Data provided Start Marker

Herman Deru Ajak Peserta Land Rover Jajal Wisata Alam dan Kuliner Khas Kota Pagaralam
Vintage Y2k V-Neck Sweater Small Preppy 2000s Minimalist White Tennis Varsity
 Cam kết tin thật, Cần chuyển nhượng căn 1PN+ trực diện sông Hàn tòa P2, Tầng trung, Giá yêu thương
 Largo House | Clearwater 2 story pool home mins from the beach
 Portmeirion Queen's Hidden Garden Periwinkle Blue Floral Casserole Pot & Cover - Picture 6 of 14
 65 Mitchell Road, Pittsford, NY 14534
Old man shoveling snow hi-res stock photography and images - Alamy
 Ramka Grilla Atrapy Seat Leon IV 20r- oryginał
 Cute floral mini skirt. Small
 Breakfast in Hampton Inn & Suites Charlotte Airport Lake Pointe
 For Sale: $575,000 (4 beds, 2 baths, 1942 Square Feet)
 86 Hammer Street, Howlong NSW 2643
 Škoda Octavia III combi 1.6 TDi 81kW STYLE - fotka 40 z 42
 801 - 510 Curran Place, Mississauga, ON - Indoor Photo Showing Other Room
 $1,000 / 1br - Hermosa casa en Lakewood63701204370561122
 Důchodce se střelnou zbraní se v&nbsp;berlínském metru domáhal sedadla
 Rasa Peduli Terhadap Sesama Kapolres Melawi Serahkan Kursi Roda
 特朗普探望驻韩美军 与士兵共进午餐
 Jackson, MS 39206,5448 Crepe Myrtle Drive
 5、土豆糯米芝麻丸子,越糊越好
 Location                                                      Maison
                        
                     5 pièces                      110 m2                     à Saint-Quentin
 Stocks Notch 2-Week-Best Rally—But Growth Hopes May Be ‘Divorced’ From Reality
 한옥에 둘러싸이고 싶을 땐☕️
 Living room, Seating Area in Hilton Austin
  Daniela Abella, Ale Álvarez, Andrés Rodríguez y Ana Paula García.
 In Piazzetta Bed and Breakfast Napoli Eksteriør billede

Data provided End Marker

Each record must be copied out exactly and in full.

Herman Deru Ajak Peserta Land Rover Jajal Wisata Alam dan Kuliner Khas Kota Pagaralam
Vintage Y2k V-Neck Sweater Small Preppy 2000s Minimalist White Tennis Varsity
 Cam kết tin thật, Cần chuyển nhượng căn 1PN+ trực diện sông Hàn tòa P2, Tầng trung, Giá yêu thương
 Largo House | Clearwater 2 story pool home mins from the beach
 Portmeirion Queen's Hidden Garden Periwinkle Blue Floral Casserole Pot & Cover - Picture 6 of 14
 65 Mitchell Road, Pittsford, NY 14534
Old man shoveling snow hi-res stock photography and images - Alamy
 Ramka Grilla Atrapy Seat Leon IV 20r- oryginał
 Cute floral mini skirt. Small
 Breakfast in Hampton Inn & Suites Charlotte Airport Lake Pointe
 For Sale: $575,000 (4 beds, 2 baths, 1942 Square Feet)
 86 Hammer Street, Howlong NSW 2643
 Škoda Octavia III combi 1.6 TDi 81kW STYLE - fotka 40 z 42
 801 - 510 Curran Place, Mississauga, ON - Indoor Photo Showing Other Room
 $1,000 / 1br - Hermosa casa en Lakewood63701204370561122
 Důchodce se střelnou zbraní se v&nbsp;berlínském metru domáhal sedadla
 Rasa Peduli Terhadap Sesama Kapolres Melawi Serahkan Kursi Roda
 特朗普探望驻韩美军 与士兵共进午餐
 Jackson, MS 39206,5448 Crepe Myrtle Drive
 5、土豆糯米芝麻丸子,越糊越好
 Location                                                      Maison
                        
                     5 pièces                      110 m2                     à Saint-Quentin
 Stocks Notch 2-Week-Best Rally—But Growth Hopes May Be ‘Divorced’ From Reality
 한옥에 둘러싸이고 싶을 땐☕️
 Living room, Seating Area in Hilton Austin
  Daniela Abella, Ale Álvarez, Andrés Rodríguez y Ana Paula García.
 In Piazzetta Bed and Breakfast Napoli Eksteriør billede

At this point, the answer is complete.